Deal, Barnes and Libertarian John Monds faced off in a WXIA-sponsored debate Tuesday at the state Capitol - just outside the governor's office each man hopes to claim.
Barnes quizzed Deal about votes he took while in the state Senate in the 1980s against domestic violence legislation.
Deal said as a one-time juvenile court judge he had seen what domestic violence can do to families.
"But I also have concerns about warrants, arrests in homes without warrants," Deal said, adding that in the U.S. House he has supported increased funding to combat violence against women.
Barnes fired back that the issue highlighted "a basic philosophical difference" between him and his opponent.
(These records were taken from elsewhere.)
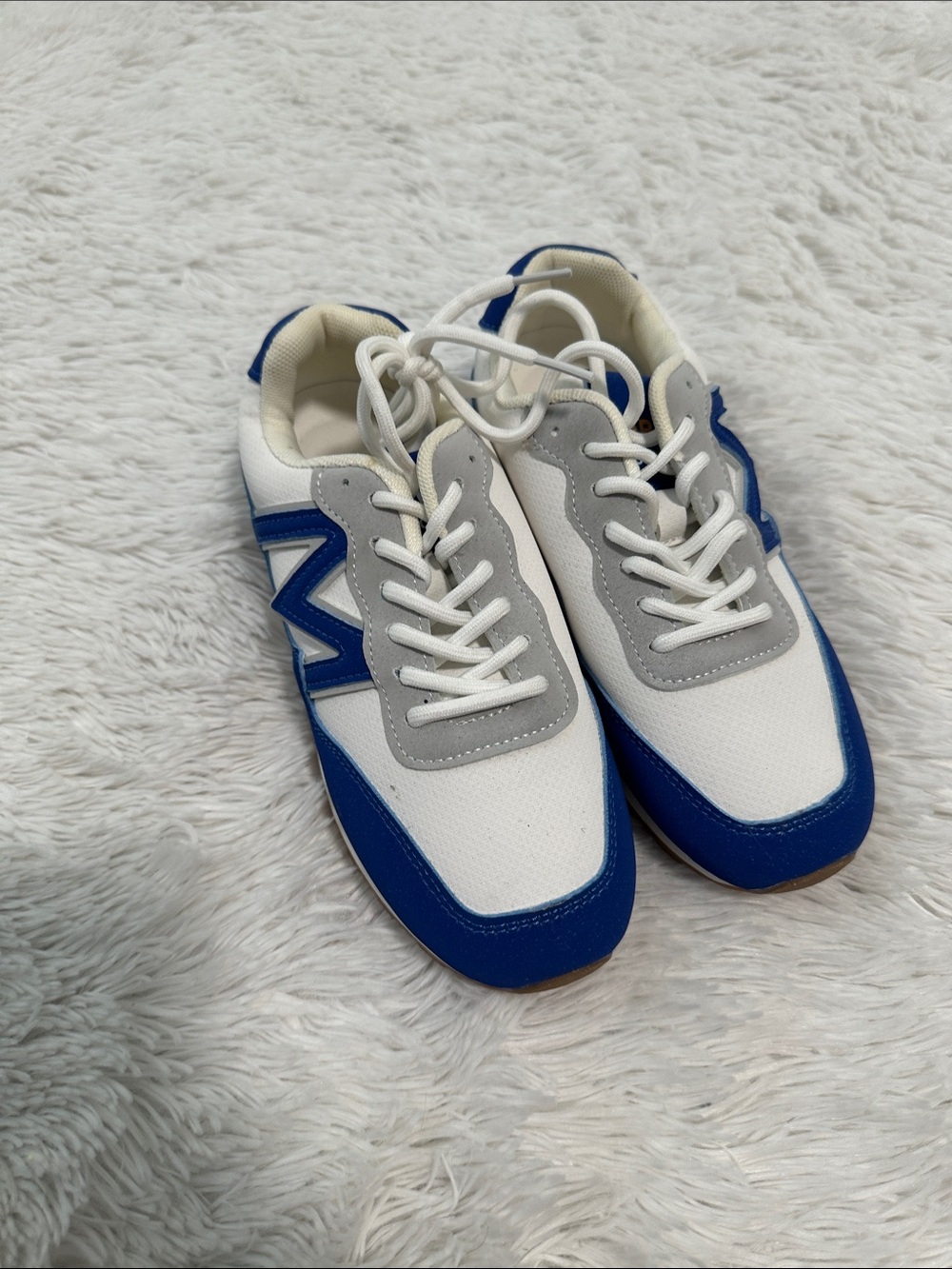 🐛 NWOT Amazon Sneakers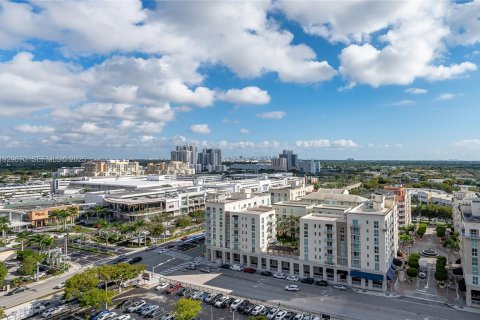Condo in Miami, Florida, 2 bedrooms № 1989647 - photo 28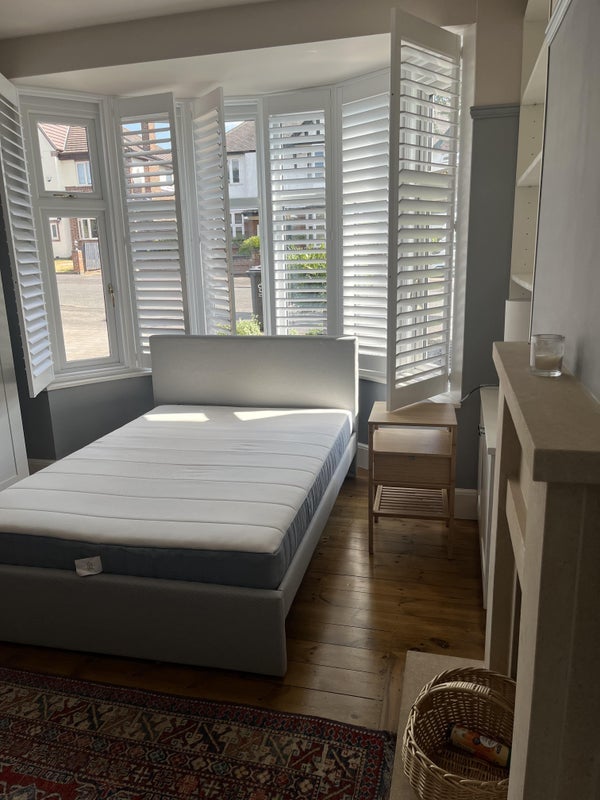 Room Shanklin Drive in Leicester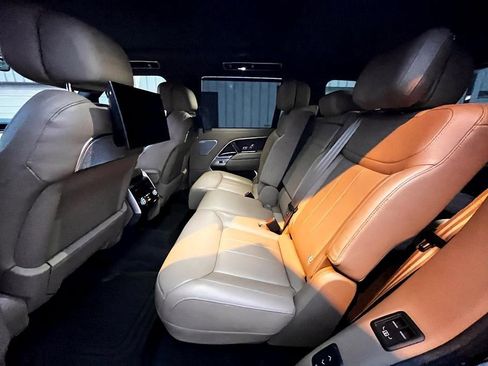 Used 2023 Land Rover Range Rover Long Wheelbase Autobiography image 15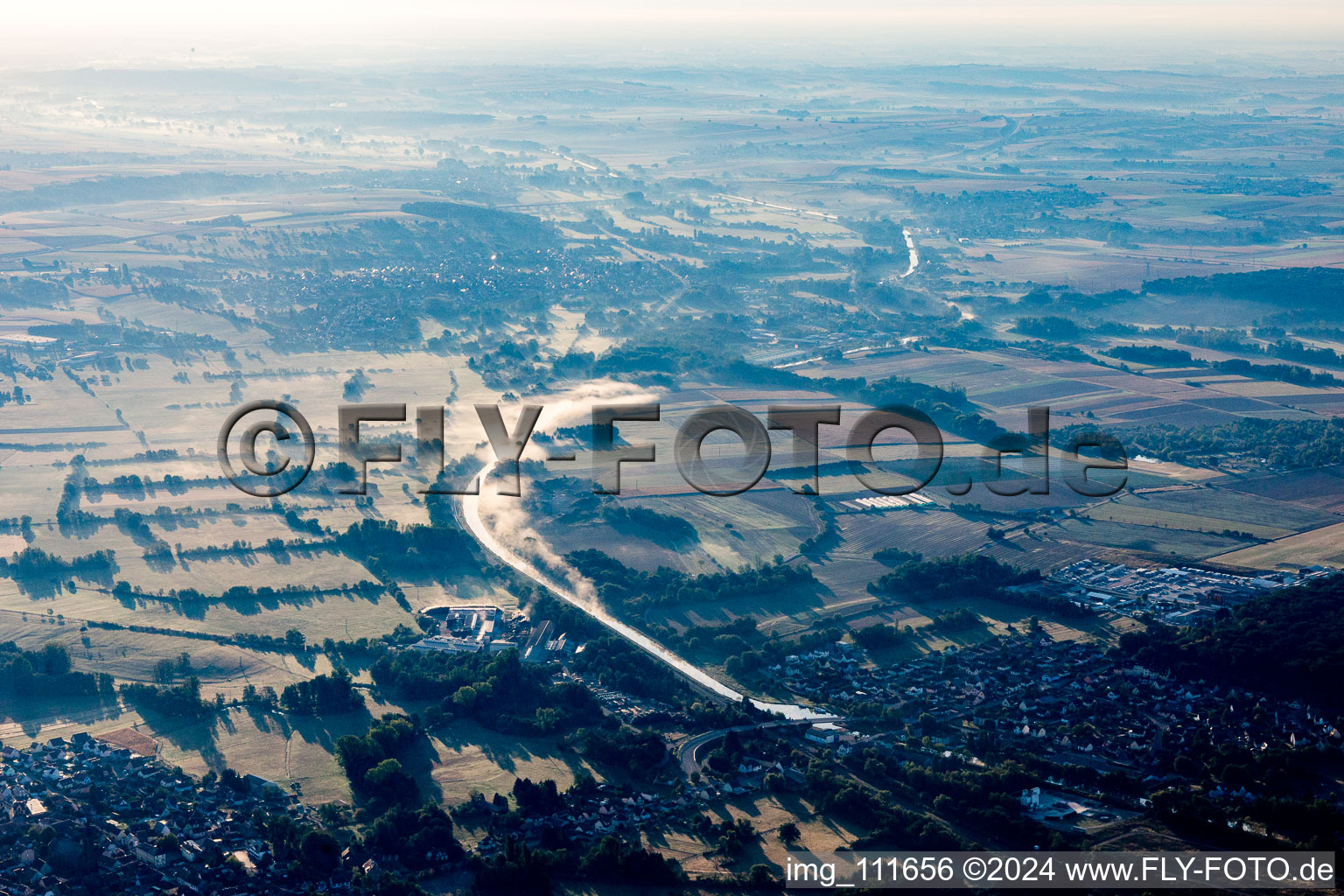 Vue aérienne de Canal à Steinbourg dans le département Bas Rhin, France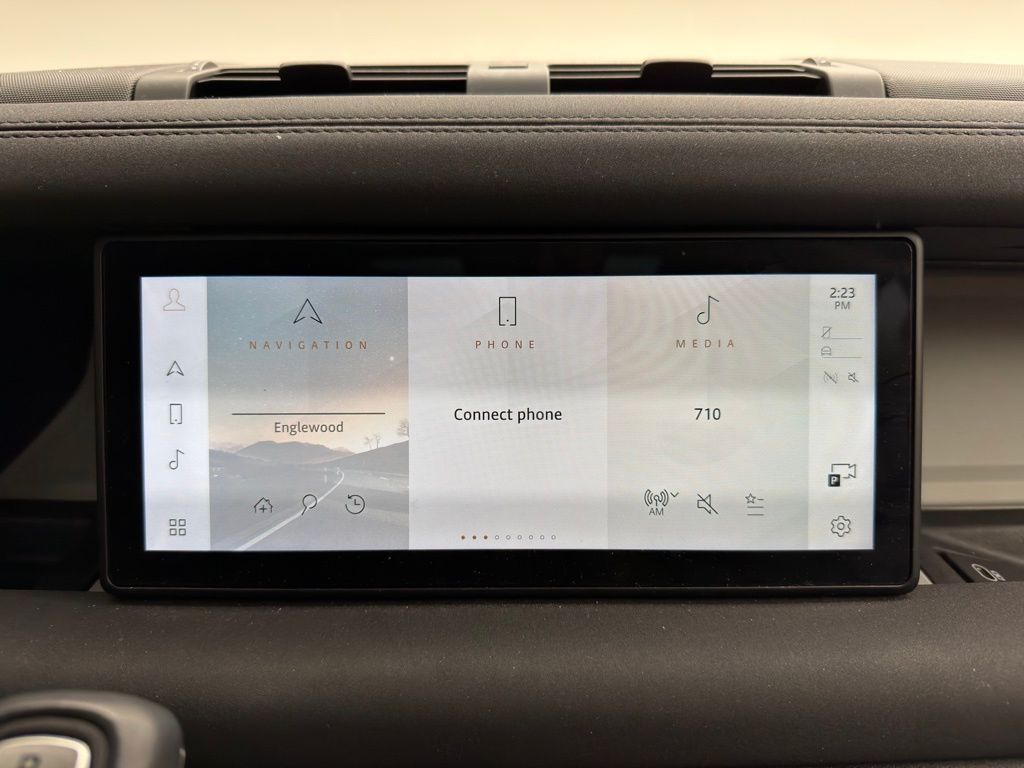 Thumbnail: 2022 Land Rover Defender - 9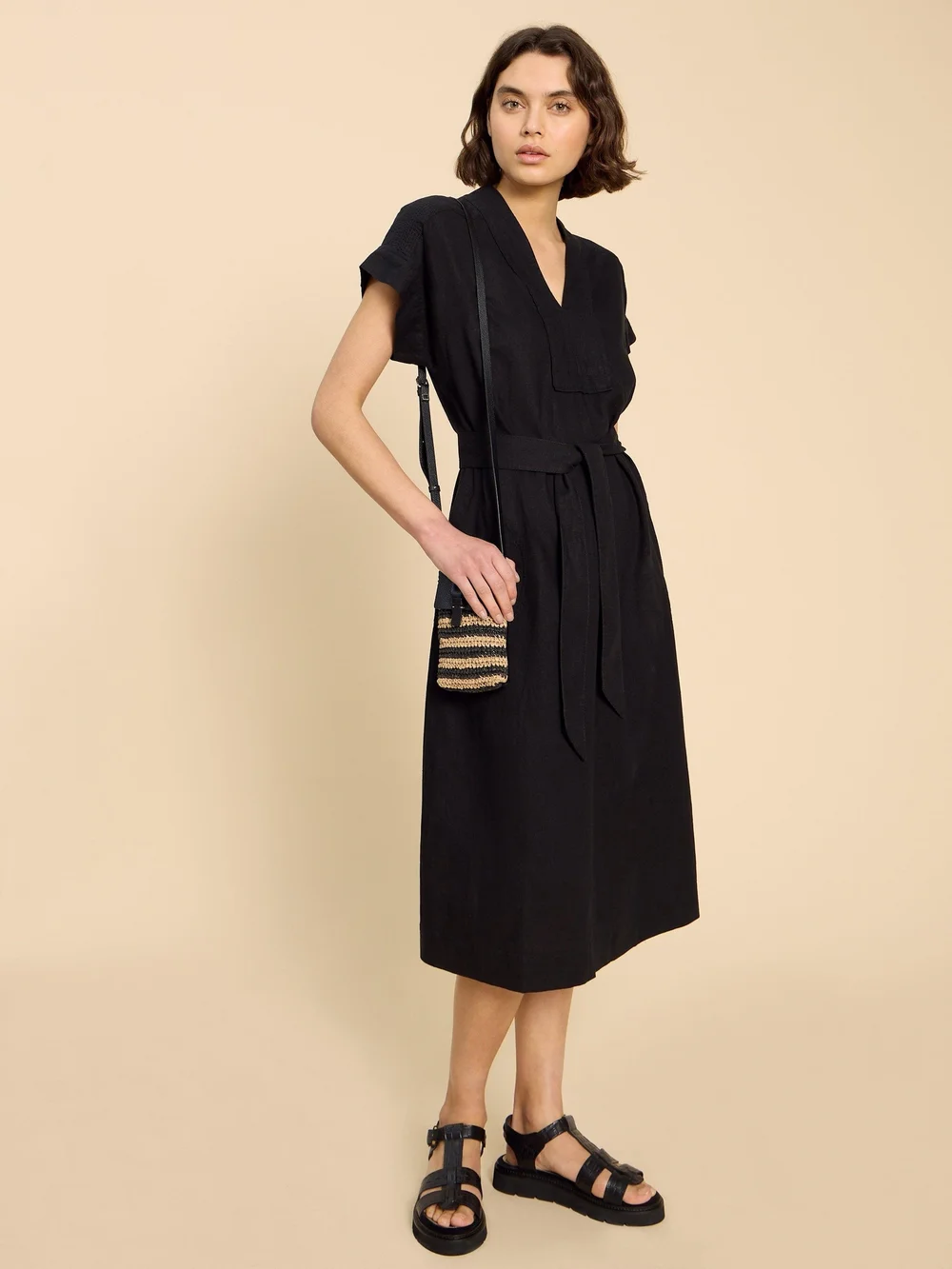 Kleid Marianne aus Leinenmischung - Pure Blk - 52/R Bild 1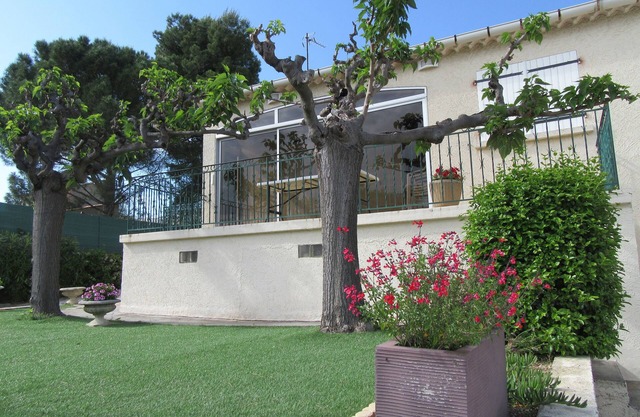 Near BEZIERS gîte for 6 people, terrace & garden, quality amenities.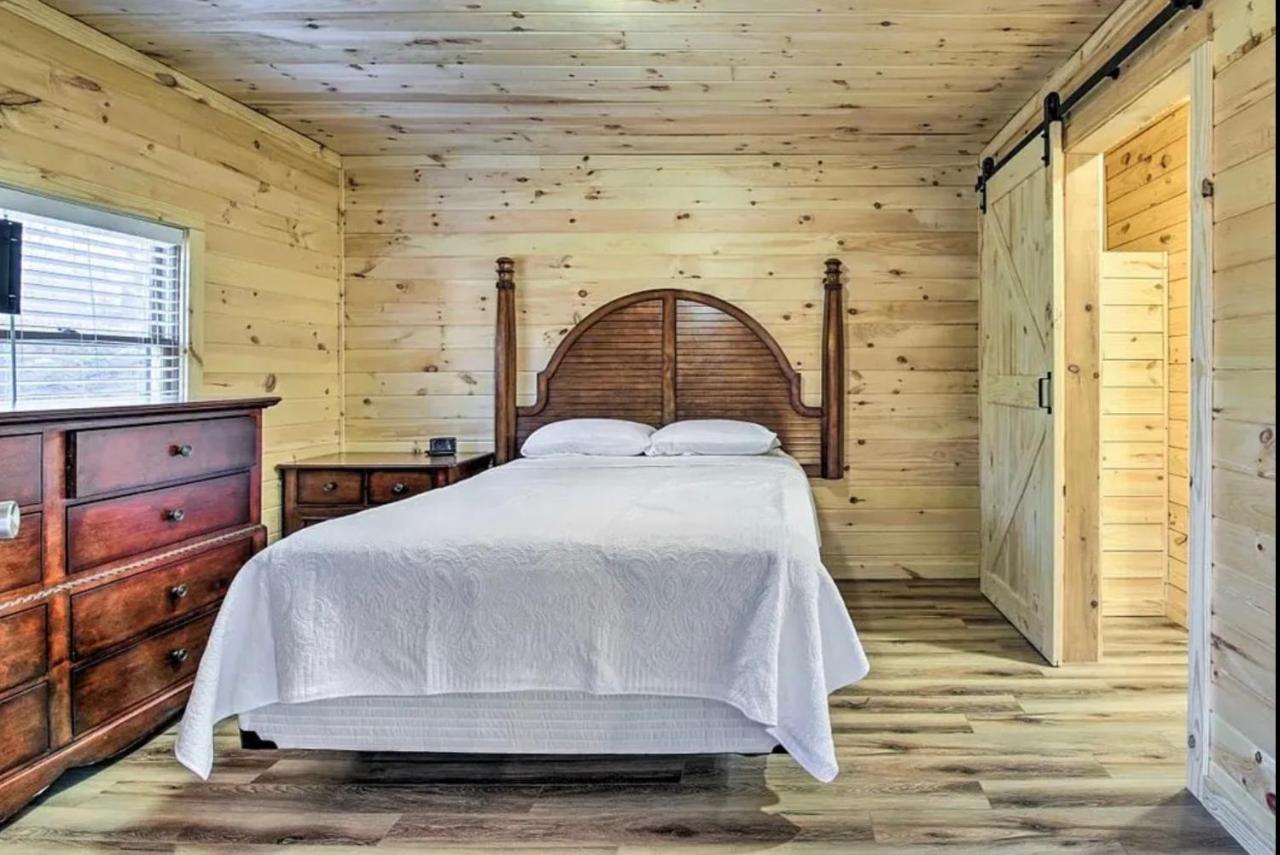 Smokey Mountain Hideaway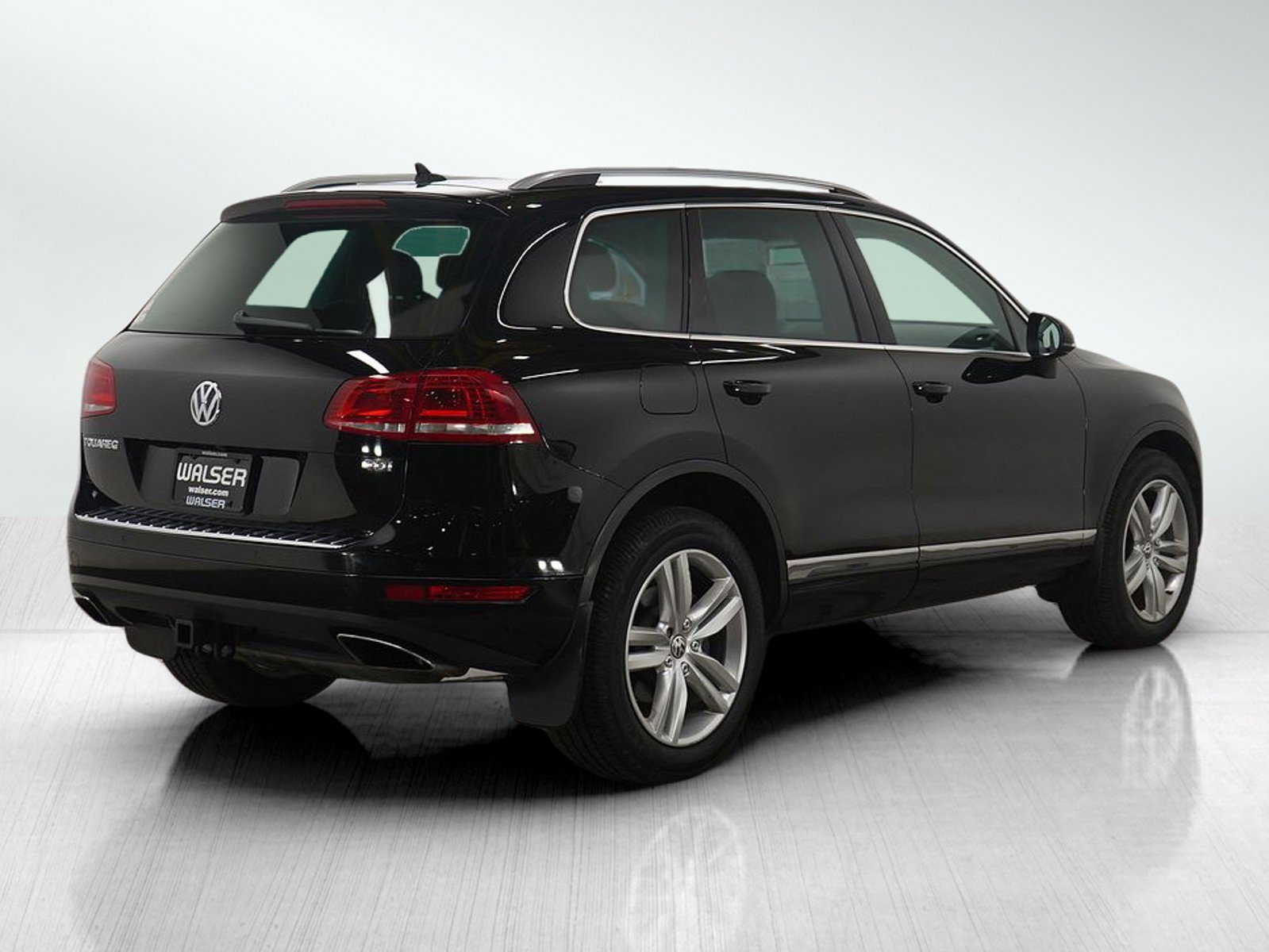 Used 2014 Volkswagen Touareg TDI image 6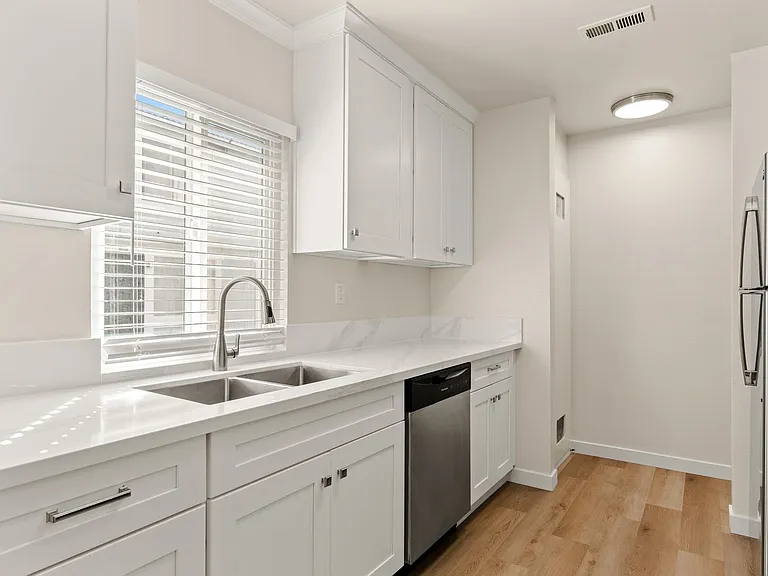 4910 Lowry Rd — Photo 10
"I don't believe it is invading the sanctity of home ... to make sure that a woman is not grabbed by the hair and hit and a police office walks in and says I can't do anything about it," Barnes said.
Deal said Barnes-backed legal challenges to the state's law requiring voters to show ID to cast an in-person ballot have cost the state more than $1 million.
"Don't you think it would have been better to spend that million dollars challenging the constitutionality of the federal health care legislation that is going to have such a detrimental impact on our state?" Deal asked.
Barnes said the voter ID law did not address the documented problems of voter fraud, which lay in absentee voting. Yet that was not addressed by the GOP-sponsored law, he said.
"It was a purely political move by the Republicans in the Legislature to expand the absentee voting and restrict those that went eye-to-eye," Barnes argued
Monds asked Deal about multiple votes in Congress to raise the limit on the debt ceiling.
Deal explained that his votes to raise the limit were to provide enough money to support combat troops or to make sure Social Security checks are going out the door on time.
"I make no apologies for that," Deal said.
Tuesday's forum remained largely polite. Billed as "Stop the Madness: Let's Get to the Issues," the candidates avoided most of the blistering attacks that have characterized some earlier forums.
Monds said he would support legalizing marijuana and gay marriage. Deal and Barnes each said they would oppose both.
And all three men said they believed President Barack Obama was born on U.S. soil. Deal had previously written a letter to the White House calling on Obama to erase doubts and produce his birth certificate.
There were some fireworks on negative attack ads that have been tearing up the television airwaves.
Barnes assailed the Republican Governors Association for spending millions of dollars on ads that he called "distortions."
And he defended his own spots targeting Deal's financial dealings and ethics.
"Those are not negative," Barnes said. "They are touchstone issues of integrity."
Deal said Barnes has engaged in "character assassinations" since the Aug. 10 runoff.
"There comes a time when people pick on you enough that you're going to respond. We have responded," Deal said.
Monds said he has stayed out of the fray.
"What I've done is concentrate on the issues I would try to do as governor of Georgia and that's why I think my message has been resonating," he said.
On one thing, all three candidates agreed. Asked to name their favorite Georgia sports figure - past or present - each named Hank Aaron.